(Work instruction): A faithful, complete copy of the entries below is required, with images removed.

(Stored items from a collection)
========================================

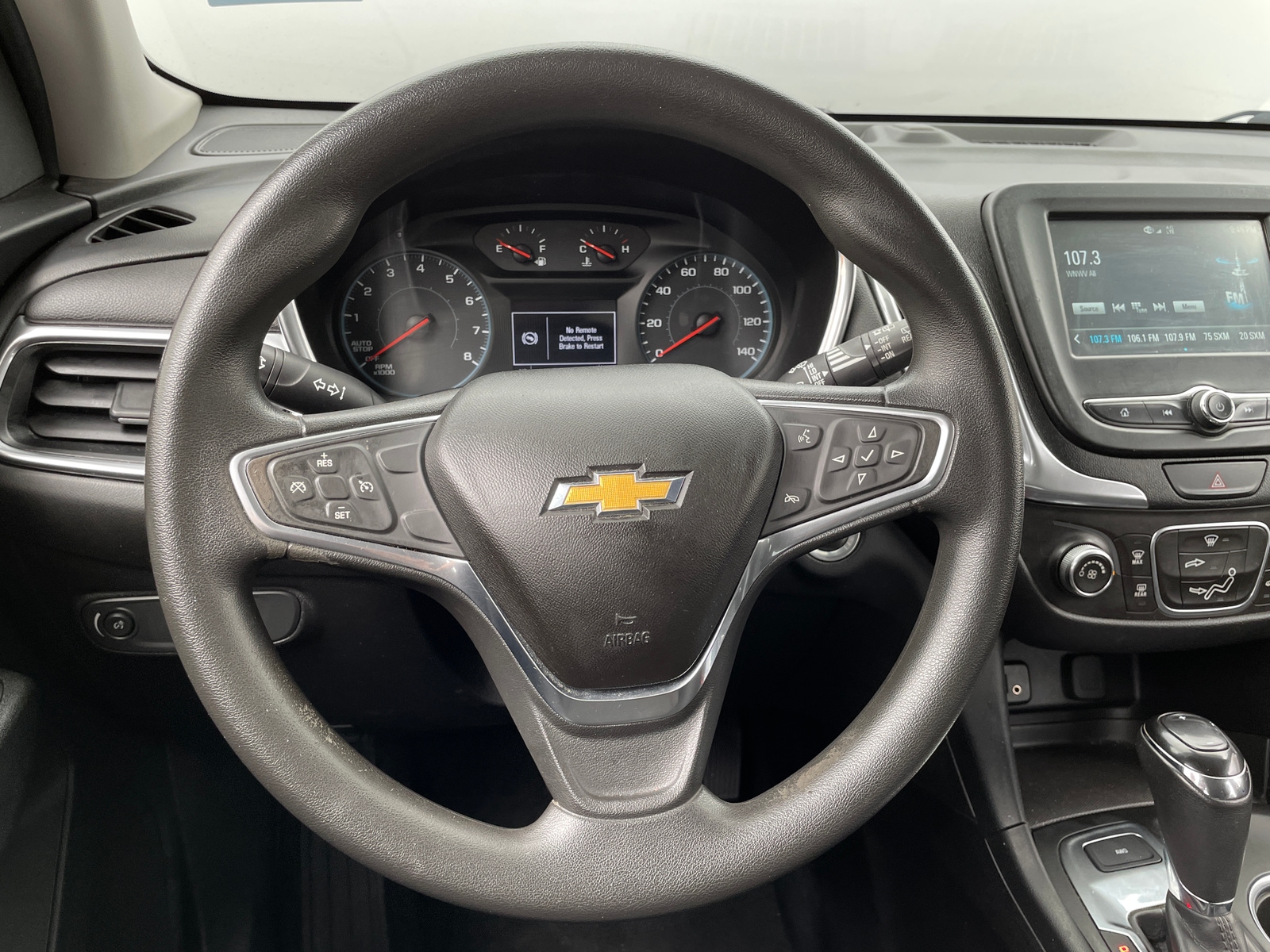 Thumbnail: 2018 Chevrolet Equinox - 5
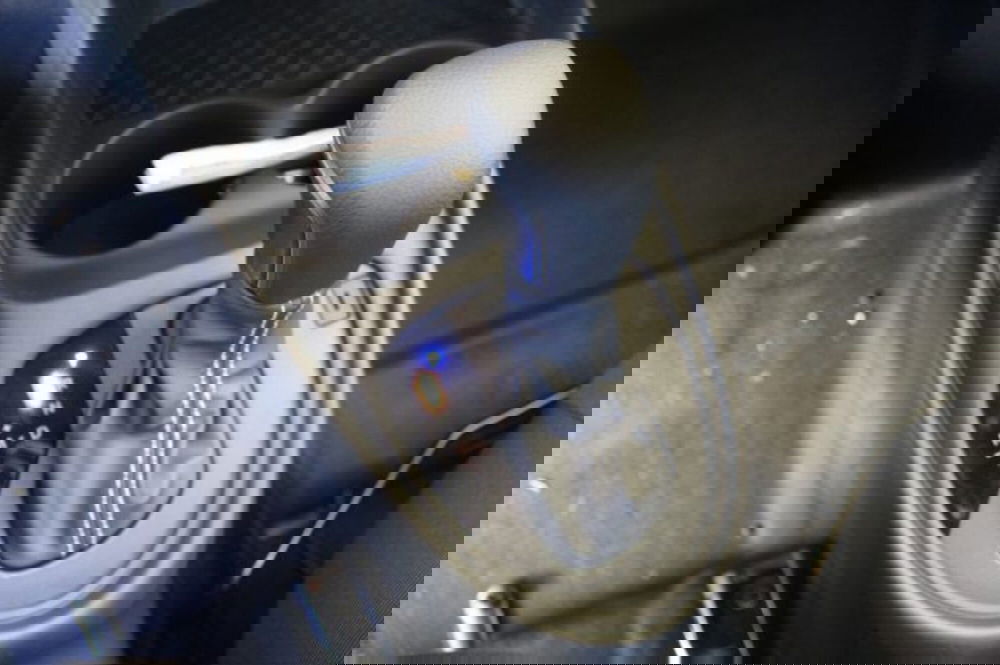 Toyota Aygo X nuova a Roma (18)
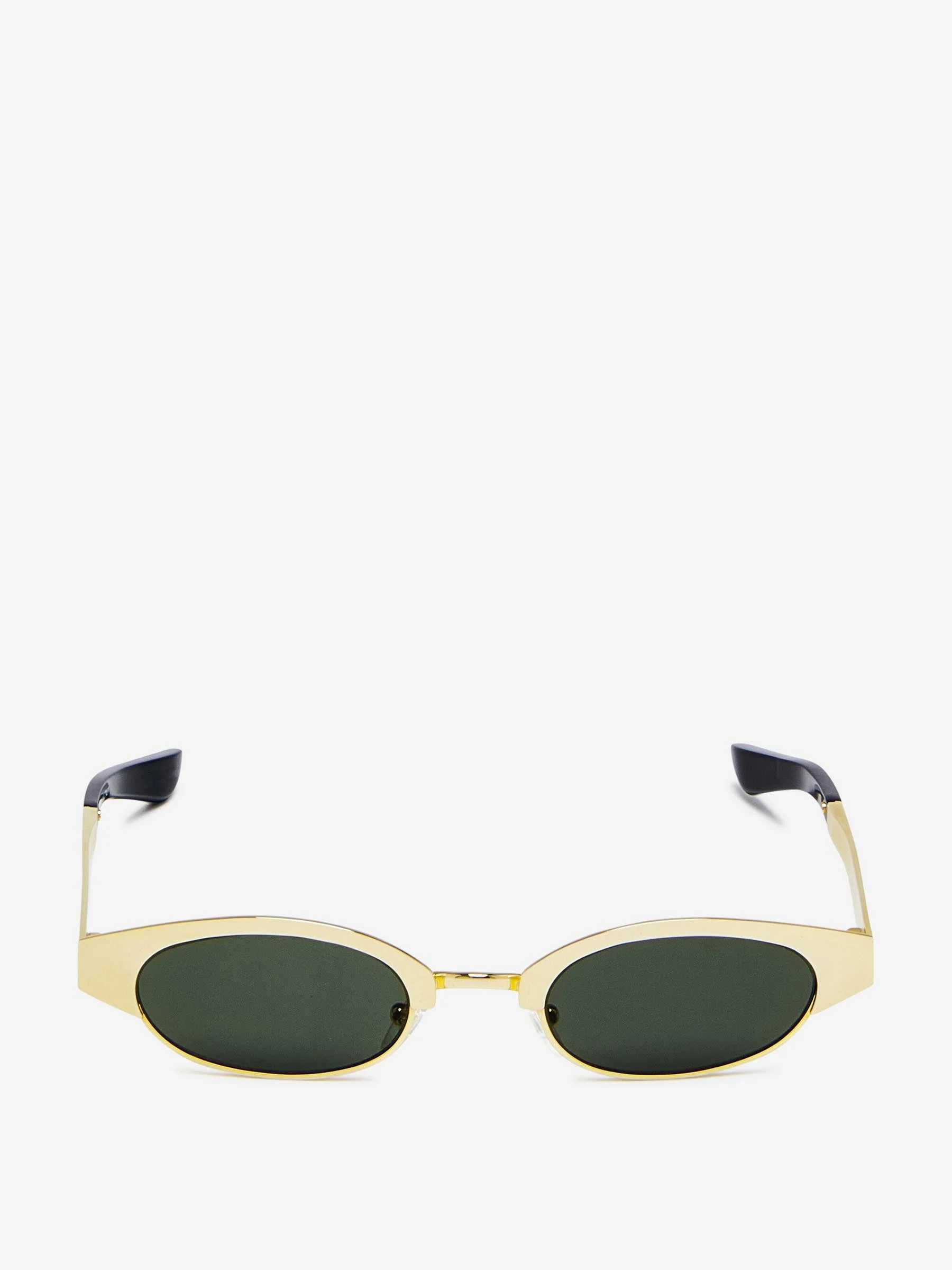 OVAL SUNGLASSES - 1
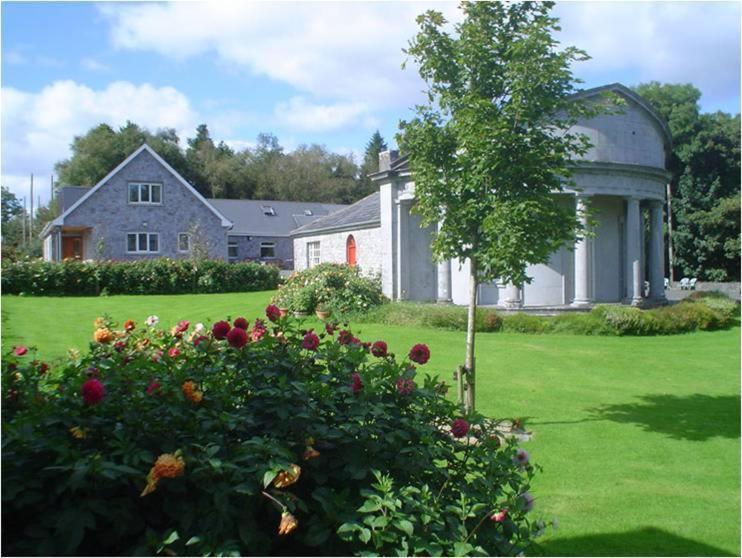 Forest Park House B&B Boyle Eksteriør bilde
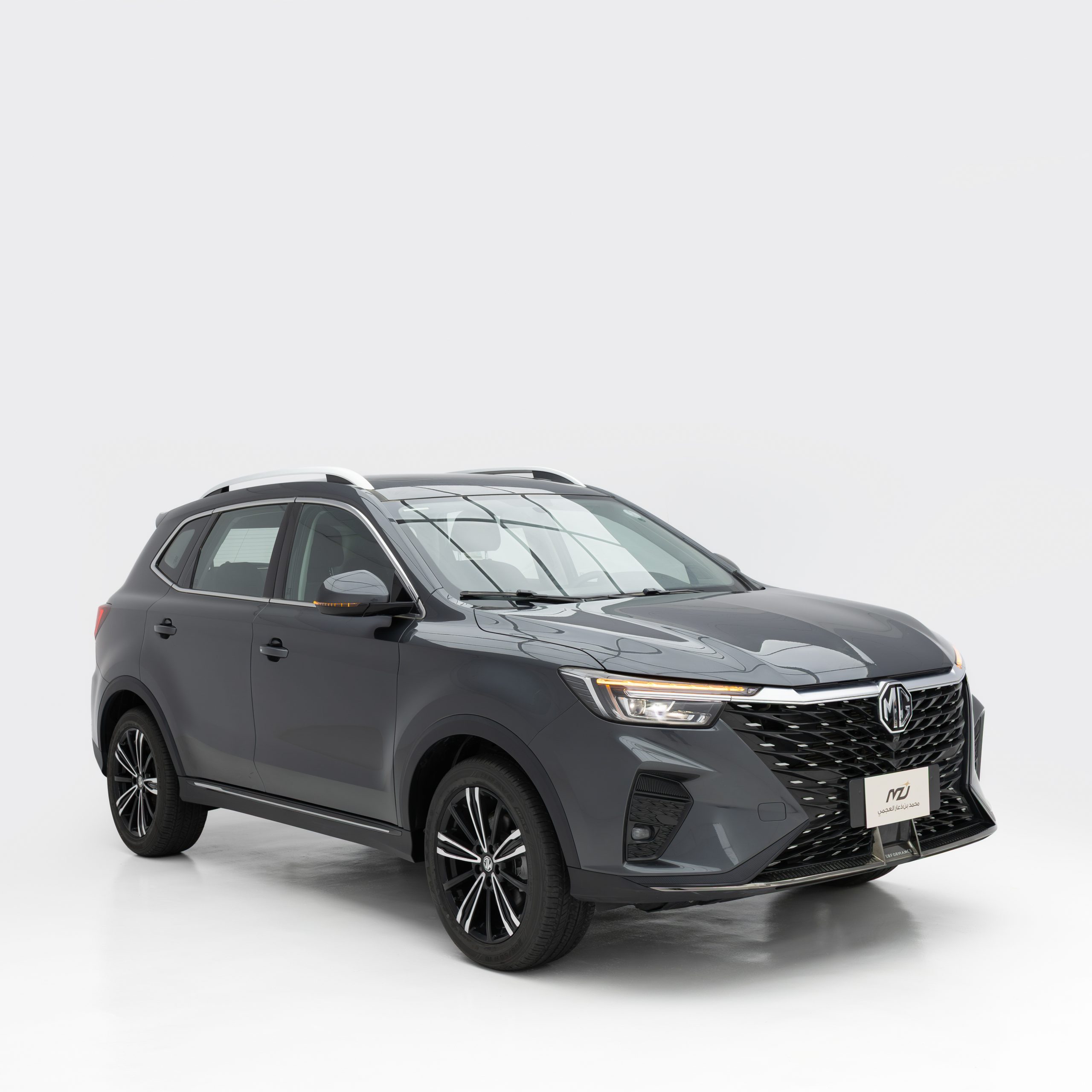 ام جي – ار اكس 5 MG RX5 1.5T DCT STD 2WD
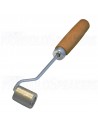 CTK Roller Elongated pressure roller 30 mm length of 210 mm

========================================

(Task result):
 Thumbnail: 2018 Chevrolet Equinox - 5
 Toyota Aygo X nuova a Roma (18)
 OVAL SUNGLASSES - 1
 Forest Park House B&B Boyle Eksteriør bilde
 ام جي – ار اكس 5 MG RX5 1.5T DCT STD 2WD
 CTK Roller Elongated pressure roller 30 mm length of 210 mm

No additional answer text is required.